When putting your home up for sale, it’s crucial to make a plan for your pets. While prospective buyers may love their own pets, they don’t want to see — or smell — yours when touring your home. Here are a few ideas for keeping your pet’s presence low profile.
Arrange for help. Boarding your pets might be cost prohibitive, especially when homes are on the market for extended periods of time. However, it’s crucial that your pets not be inside the home when it’s being shown. When notified of a showing, be prepared to remove the animals. If you work far from home, consider making arrangements with a neighbor, friend or family member to care for them during the showing. If you are selling by owner, insist on scheduled appointments only.
No exceptions. At best, potential buyers will be distracted by your pets, especially barking dogs and free-roaming cats. Even worse, buyers or their children may be frightened by your pets and refuse to go inside. Liability is another concern if a potential buyer were to be scratched or bitten.

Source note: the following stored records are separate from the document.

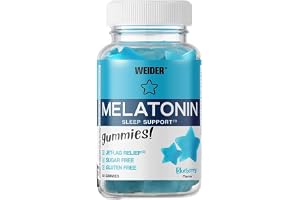 Weider Melatonin Gummies 60 Żelek - Melatonina w Żelkach na Lepszy Sen, z Witaminą B6, bez Glutenu i Cukru, Smak Jagodowy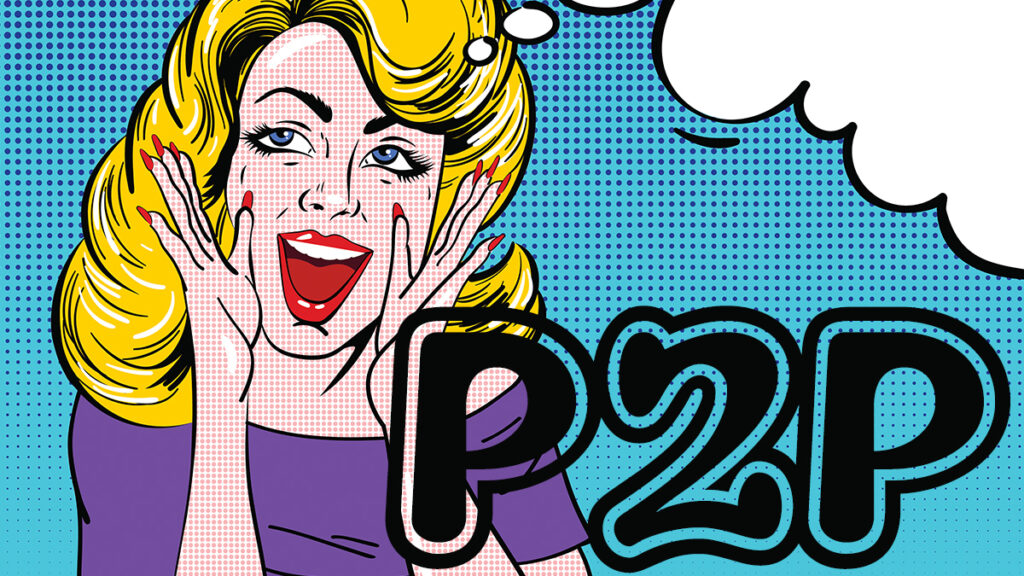 An illustration of a blonde woman with hands cupped around her mouth. Representing peer-to-peer engagement in fundraising.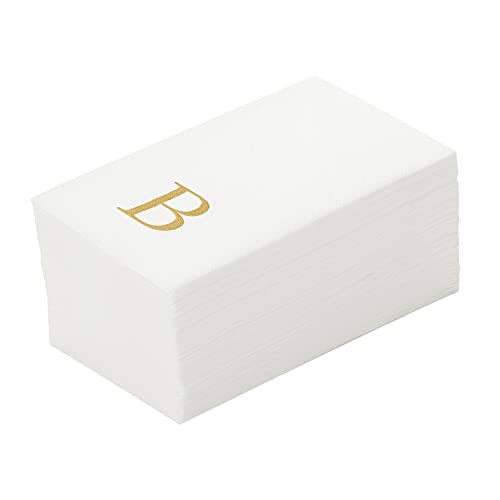Luxenap 15.8 X 7.9 Inch Linen-Feel Guest Towels 50 Lettered Hand Towels - Gold Letter B Sans Serif Font White Paper Dinner Napkins airlaid For Restrooms And Tables - Restaurantware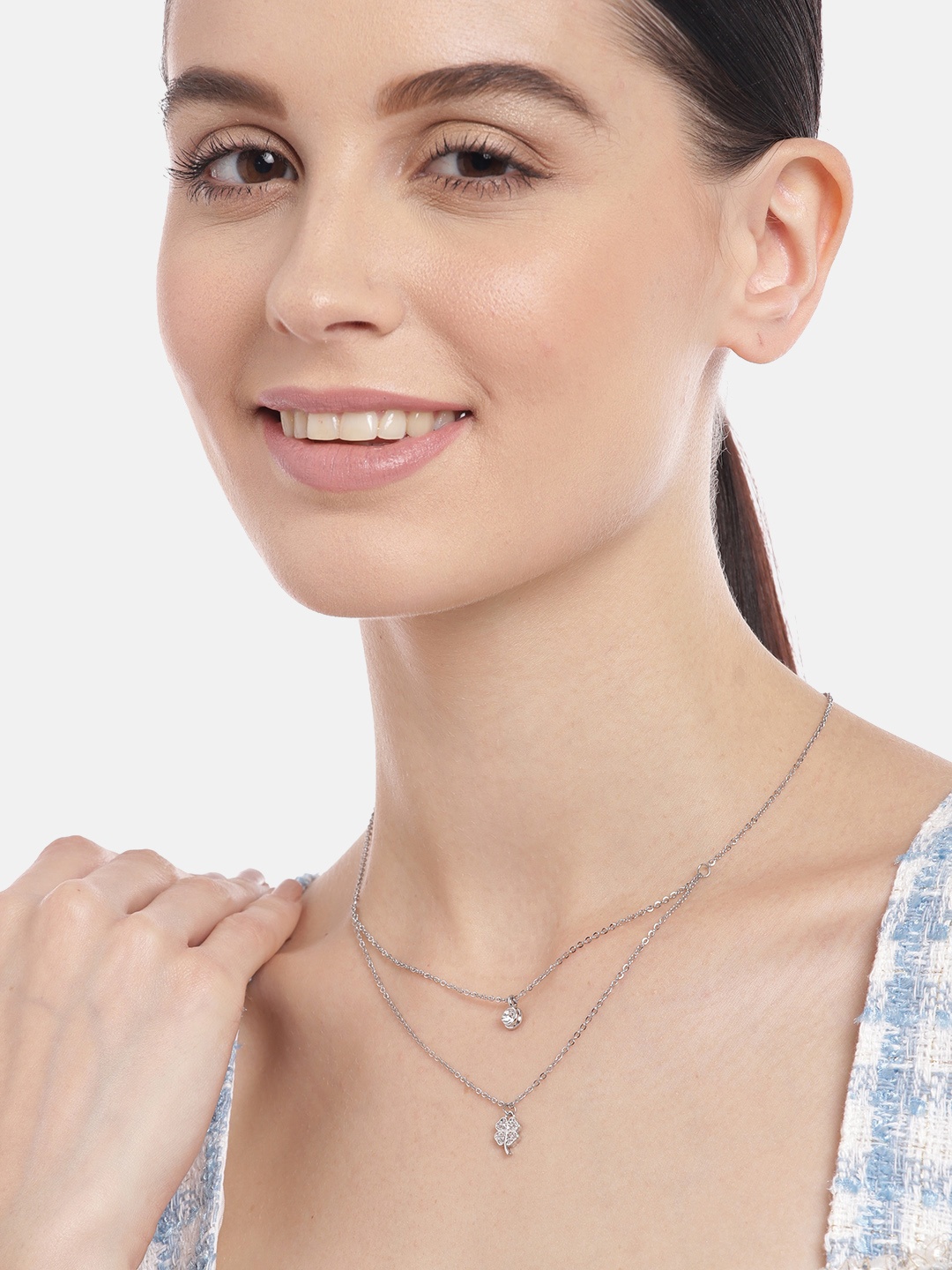 

Aadvik Designs Silver-Plated Layered Necklace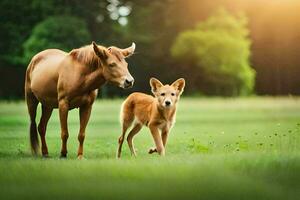 un caballo y un perrito son en pie en el césped. generado por ai foto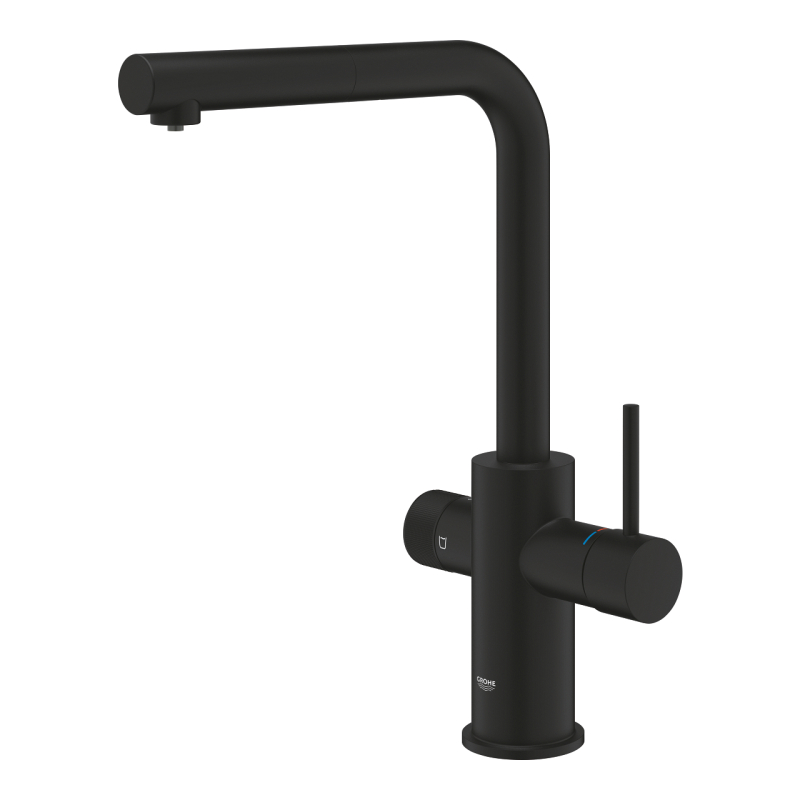 Смеситель для кухни для подачи технической и фильтрованной воды Grohe Blue Pure Minta, черный (30590KF0) фото 2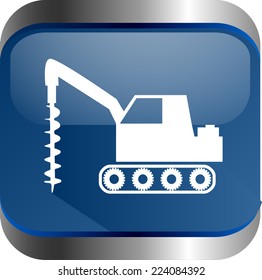 blue icons construction equipment - vector illustration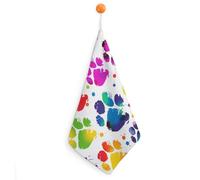 Kitchen Colorful Dog Paw Hand Towels with Hanging Loops, Highly Absorbent & Quick Drying Towels for Kitchen Bathroom, Microfiber Cleaning Cloth, Dish Towel, Tea Towel Decorative, Dish Rag(12x12)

Leave no trace. Beds, bowls, litter boxes, crates and toys should also be removed. Pare down your pet’s belongings before your home goes on the market so when you get the call for a showing you only have a few things to grab.
Beware of odors. Ask any experienced real estate agent and they will tell you that unpleasant odors can kill a buyer’s interest. Besides cigarette smoke, pets are probably the leading source of odors. You may have grown so accustomed to your pet’s smells that you don’t notice it. Ask friends or neighbors for their frank opinion.
Have all carpets and rugs professionally cleaned before listing the house. If your pets are permitted on the furniture, steam clean the upholstery. Ask cleaners to use solutions specifically designed to lift pet smells and stains. To keep odors from returning, bathe dogs more often, and clean litter boxes and cages more frequently.